Governor Kitzhaber did sign a charter school bill opposed by the American Federation of Teachers and the Oregon Education Association. Lawmakers spent months laying out ground rules for how to set up the alternative schools. The deal was completed when Kitzhaber agreed to allow half of the teachers in charter schools to be unlicensed, as long as they undergo background checks.

Another bill winning approval will move the state's electric power industry toward deregulation. It calls for commercial and industrial customers in the territory of Oregon's two biggest private utilities to receive direct access to competing energy supplies by Oct. 1, 2001 while residential customers will be offered a portfolio of options.
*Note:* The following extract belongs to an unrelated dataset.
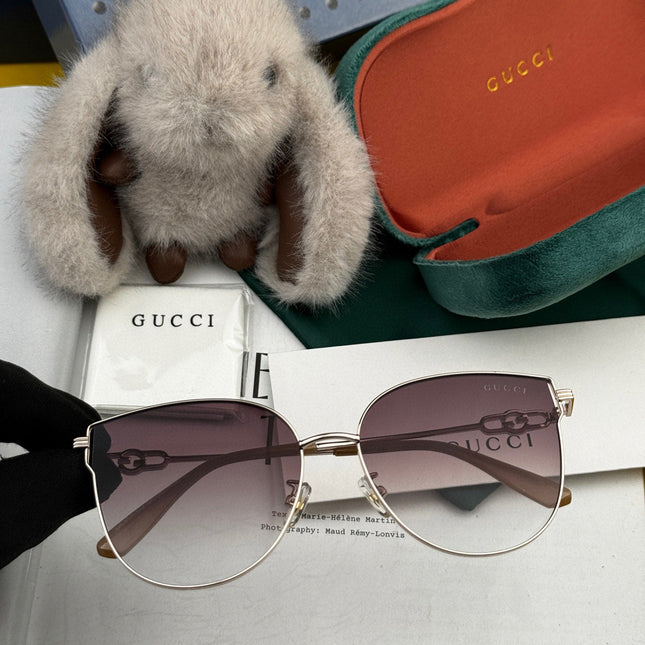 BUTTERFLY FRAME SUNGLASSES G3635 IN METAL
Electrical Workers Local 125 followed this debate closely and helped shape it to a more palatable (although not perfect) conclusion. However, in the waning hours of the session a second bill introduced by investor-owned utilities dropped a bill to "restructure" the Oregon Public Utility Commission (PUC) so that it was governor-appointed.

"The PUC is supposed to operate independently and without political or partisan influence," said Diane Royse, a lobbyist for Local 125. "This is nothing but a political tool for the investor-owned utilities to go straight to the governor with any complaints they may have in their rate cases. In light of the electrical restructuring bill, this is not the time for any restructuring of the PUC."

HB 2007, the "tobacco settlement bill" was very controversial, in that many lawmakers wanted to tap the money to help pay for schools. That didn't happen, but the end result did help fund several public employee union bargaining units.

"I think all the labor legislators worked tremendously hard this session," Gardner said. " We would much rather have worked to pass good legislation for working men and women rather than spending as much time as we did trying to defeat the bad labor legislation."

Corcoran commended Governor Kitzhaber and his staff for how well they worked with labor lawmakers, keeping the doors of communication open throughout the session.